Mesmo com a gravidade dos fatos, o homem foi mantido no mesmo local de trabalho que a vítima, que ficou sujeita à presença de seu assediador diariamente

A vítima conseguiu na Justiça a transferência de escola. Foto: ​Divulgação 

Uma professora de uma escola pública municipal de Cariacica sofreu assédio sexual por parte do coordenador pedagógico e conseguiu na justiça o direito de ser transferida de colégio para trabalhar.  O município pagará multa de R$ 1 mil por dia se não transferir a professora imediatamente.

De acordo com o depoimento da vítima, os assédios começaram um mês após sua chegada à escola, quando, sob o pretexto de uma reunião, o coordenador a convidou para sua sala. Ao chegar ao local, ainda de acordo com as informações que estão no processo, o homem passou a dizer palavras de cunho sexual à professora, dizendo que deixaria sua família para viver com ela.

Diante da situação inesperada, ela ficou em choque, amedrontada, passando a viver sob tensão constante em seu local de trabalho. Não satisfeito com a recusa da professora, o coordenador pedagógico disse que não desistiria das investidas até que a vítima cedesse. 

Em depoimento, a mulher contou que o coordenador proporcionava uma aproximação cada vez mais audaciosa e que chegou a chamá-la para um lugar ermo próximo ao colégio, onde pudessem ficar longe dos olhares das outras pessoas. Todos os ‘convites’ feitos pelo coordenador foram recusados pela professora.

Diante da situação, a professora relatou as investidas do acusado à diretoria da escola, que pediu que ela escrevesse uma carta endereçada à Secretaria de Educação Municipal, contanto todo o ocorrido.
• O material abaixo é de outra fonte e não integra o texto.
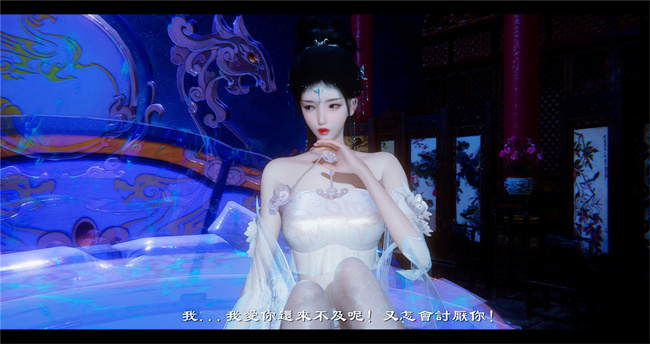 lol本子之西游小故事 八戒和嫦娥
De acordo com o processo, a Secretaria agendou uma reunião entre os envolvidos e demais membros da escola, momento tido como constrangedor pela requerente, que se sentiu humilhada ao ver todo o seu relato exposto de maneira tão pública. Todos os detalhes do assédio, relatados pela mulher na carta, foram expostos na reunião.

A professora contou que ficou angustiada e se viu no centro de uma polêmica envolvendo assédio sexual, muito mais por ser mulher. Ainda de acordo com o depoimento da vítima que está no processo, ela ainda teve que conviver com as ironias do coordenador, que postava indiretas no grupo da escola em uma rede social, alegando que as acusações feitas a ele não dariam em nada, uma vez que a Secretaria, diferente do que pensava a vítima, não o puniria.
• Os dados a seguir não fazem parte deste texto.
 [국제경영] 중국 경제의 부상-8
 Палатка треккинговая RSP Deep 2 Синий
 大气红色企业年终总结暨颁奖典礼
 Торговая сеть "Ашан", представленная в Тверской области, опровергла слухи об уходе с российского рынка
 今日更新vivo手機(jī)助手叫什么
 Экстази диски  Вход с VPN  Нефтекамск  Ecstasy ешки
Mesmo com a gravidade dos fatos, o homem foi mantido no mesmo local de trabalho que a vítima, que ficou sujeita à presença de seu assediador diariamente. Para poder conviver o máximo possível com a situação, a mulher teria passado a tomar remédios antidepressivos. O problema ultrapassou a esfera profissional, pois a vítima declarou viver com medo, além de ter dificuldade até mesmo para dormir, pois tinha pesadelos constantes com o acusado.

Ao determinar a transferência da servidora, o juiz da Vara da Fazenda Pública Municipal de Cariacica, Jorge Luiz Ramos, entendeu que houve inércia por parte do município em instaurar uma sindicância para apurar os fatos vivenciados pela requerente na escola. 

A Secretaria Municipal de Educação (SEME) informa que ainda não foi notificada sobre o caso, mas se coloca à disposição para o cumprimento da determinação da Justiça. Porém, somente quando receber a notificação judicial, é que poderá tomar as providências cabíveis ao caso.